Alguns autores sustentam que não existe moralidade nos sonhos, outros alegam o
contrário.
(P.46) Alguns autores
alegam que os sonhos são desprovidos de moral, outros que, se você sonha com
algo imoral é porque você é imoral, os sonhos apenas revelam quem você
realmente é.
(P.48) Hildebrant diz
que todo sonho imoral, tem sua origem em um pensamento imoral. Se sonhamos é porque
em algum momento pensamos.
(P.51) G. Teorias do sonhar e de sua
função.
Podemos
dividir a teoria dos sonhos em três:
1)
os que acreditam que a totalidade psíquica continua ativa nos sonhos. A mente,
segundo ele, não dorme, e seu funcionamento continua o mesmo seja no estado de
vigília, seja dormindo.
2)
outros defendem que os sonhos surgem graças ao rebaixamento da atividade psíquica,
o afrouxamento das conexões e o empobrecimento do material acessível. Esta é
com certeza a teoria mais aceita entre os estudiosos.
(P.55) 3) Um terceiro
grupo de teorias atribuem a mente, durante o sonho, uma capacidade de
inclinação para desenvolver atividades psíquicas especiais de que, na vida de
vigília, ela é total ou basicamente incapaz.
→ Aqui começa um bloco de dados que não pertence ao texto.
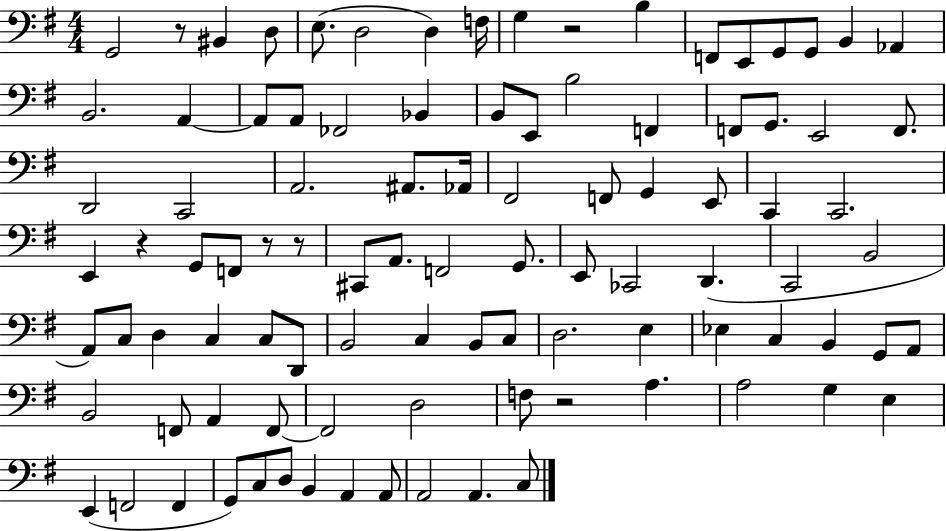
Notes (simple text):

G2/h R/e BIS2/q D3/e E3/e. D3/h D3/q F3/s G3/q R/h B3/q F2/e E2/e G2/e G2/e B2/q Ab2/q B2/h. A2/q A2/e A2/e FES2/h Bb2/q B2/e E2/e B3/h F2/q F2/e G2/e. E2/h F2/e. D2/h C2/h A2/h. A#2/e. Ab2/s F#2/h F2/e G2/q E2/e C2/q C2/h. E2/q R/q G2/e F2/e R/e R/e C#2/e A2/e. F2/h G2/e. E2/e CES2/h D2/q. C2/h B2/h A2/e C3/e D3/q C3/q C3/e D2/e B2/h C3/q B2/e C3/e D3/h. E3/q Eb3/q C3/q B2/q G2/e A2/e B2/h F2/e A2/q F2/e F2/h D3/h F3/e R/h A3/q. A3/h G3/q E3/q E2/q F2/h F2/q G2/e C3/e D3/e B2/q A2/q A2/e A2/h A2/q. C3/e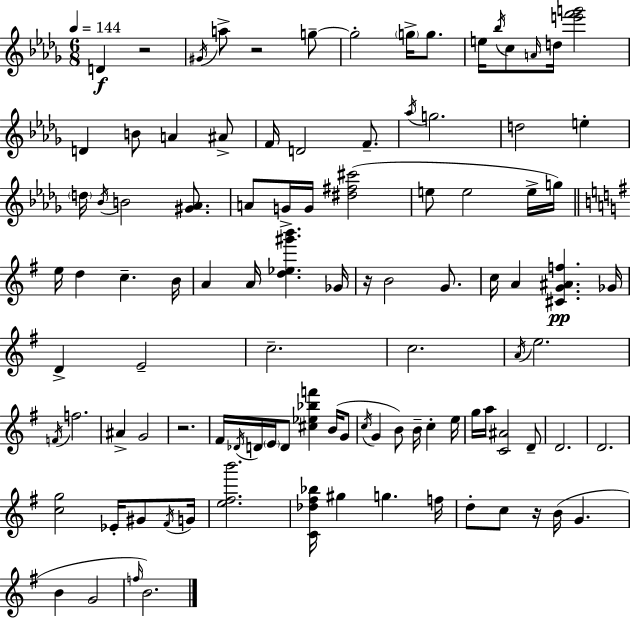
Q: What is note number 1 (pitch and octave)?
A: D4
É a opinião mais defendida por
psicólogos antigos.
(P.59) H. A relação entre os sonhos e as
doenças mentais.
Ao
falarmos na relação entre os sonhos e os distúrbios mentais, devemos ter três
coisas em mente:
1)
as conexões etiológicas e clínicas, como quando um sonho representa um estado
psicológico, ou introduz, ou é um remanescente dele;
2)
as modificações a que esta sujeita a vida onírica nos caos de doença mental;
3)
as ligações intrínsecas entre os sonhos e as psicoses, apontando analogias para
o fato de ele serem essencialmente afins.
Com
respeito às ligações clínicas e etiológicas entre os sonhos e as psicoses
Hohnbaum relata que a primeira irrupção de insanidade delirante muitas vezes se
origina num sonho de angústia ou terror, e que a ideia dominante está ligada ao
sonho.
Existem
muitos casos em que o paciente age normalmente durante o dia e sofra de
psicopatia, paralisia, histeria, etc. durante a vida onírica.
(P.60) Devemos perceber
que existe um parentesco muito próximo entre os sonhos e os distúrbios mentais,
uma vez que segundo Radestock “o louco é uma espécie de sonhador acordado”.
Referências:
FREUD, Sigmund. Interpretação dos Sonhos. 1. Ed. São Paulo. Folha de S. Paulo, 2010. P.09-63.
[1]
Acordado.
[2] Onírico é um adjetivo masculino que faz
referência aos sonhos, às fantasias, ao que não pertence ao chamado “mundo
real”. Etimologicamente vem do grego óneiros,
que quer dizer literalmente “sonho”.